The 300-million-year-old dragonfly is often saddled with the pejorative “primitive” simply because it is “paleopterous,” or ancient-winged, still bearing its ancestral features, says Rob Cannings, an Odonatae specialist and the curator emeritus of entomology at the Royal BC Museum in Victoria. Whereas more recently evolved insects, such as bees and flies, can beat their wings extremely fast and fold them flat over their backs (allowing them to crawl into restricted places), the dragonfly cannot. But so what? says Cannings. It flies circles around these more “advanced” critters and, in fact, eats them for lunch. Like another proficient prehistoric predator, the great white shark, the dragonfly evolved early and excelled.

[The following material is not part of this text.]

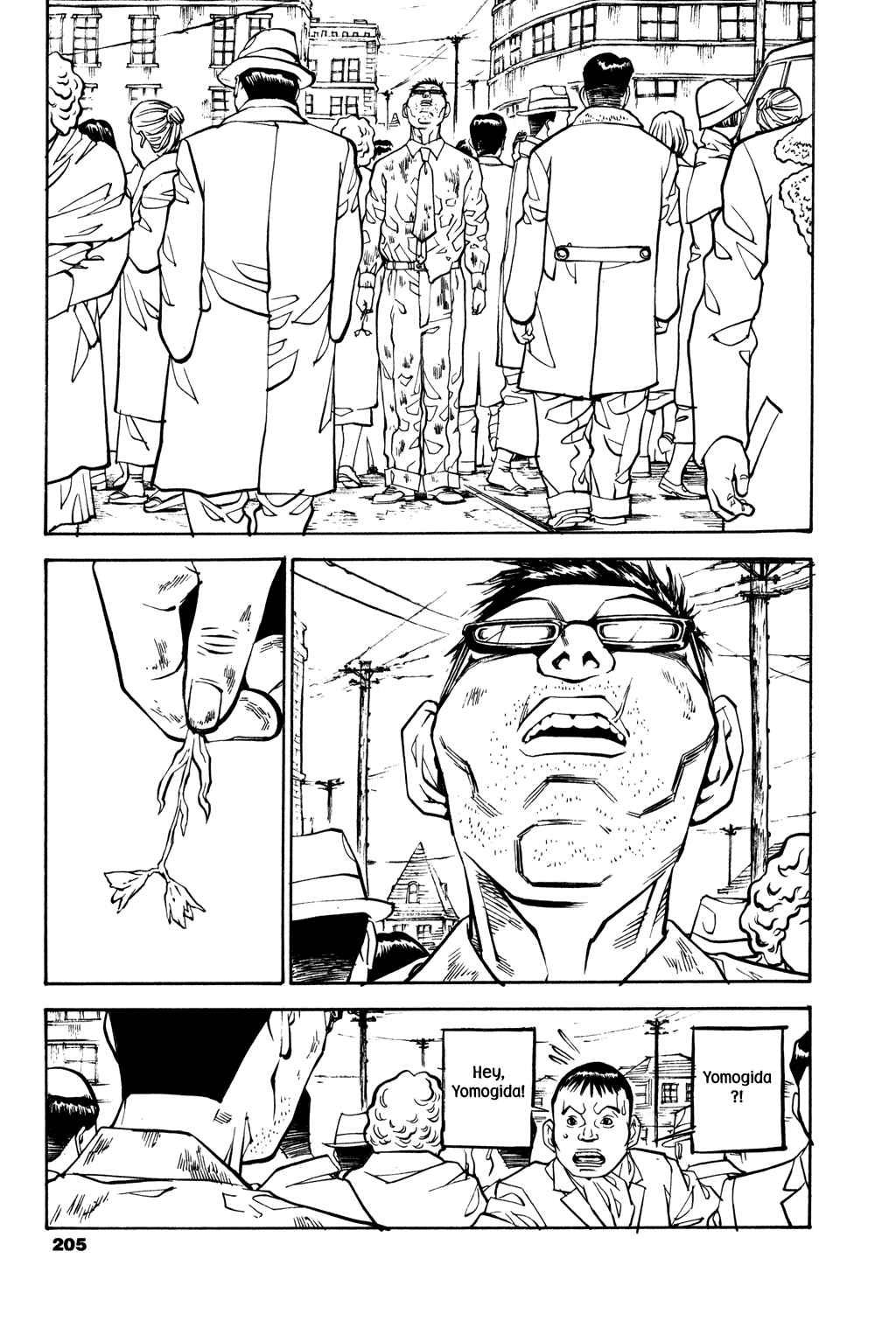 Page 12 Chapter 32 Soil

In the bragging rights department, one of the biggest insects ever was a dragonfly-like precursor with a giant 75 cm wingspan. You wouldn’t want that hitting your windshield en route to the cottage.

The bad seed

If Dragonfly Sr. is a classy assassin, Junior is a tiny thug, with a very different MO from its mature self. The terrifying larva lurks underwater its entire life—from one to five years, far longer than the fleeting weeks an adult gets to fly—and has a face and personality only a mother dragonfly could love. Half its head is masked by a huge, hinged lower lip that, shades of Alien (aquatic version), unfolds and flings out with lightning speed to snatch and dispatch its victims. Relentlessly voracious, laying waste to lake insects, minnows, and tadpoles, the juvenile delinquent eventually morphs into a grown-up and begins a whole new reign of terror as a dragon in the sky.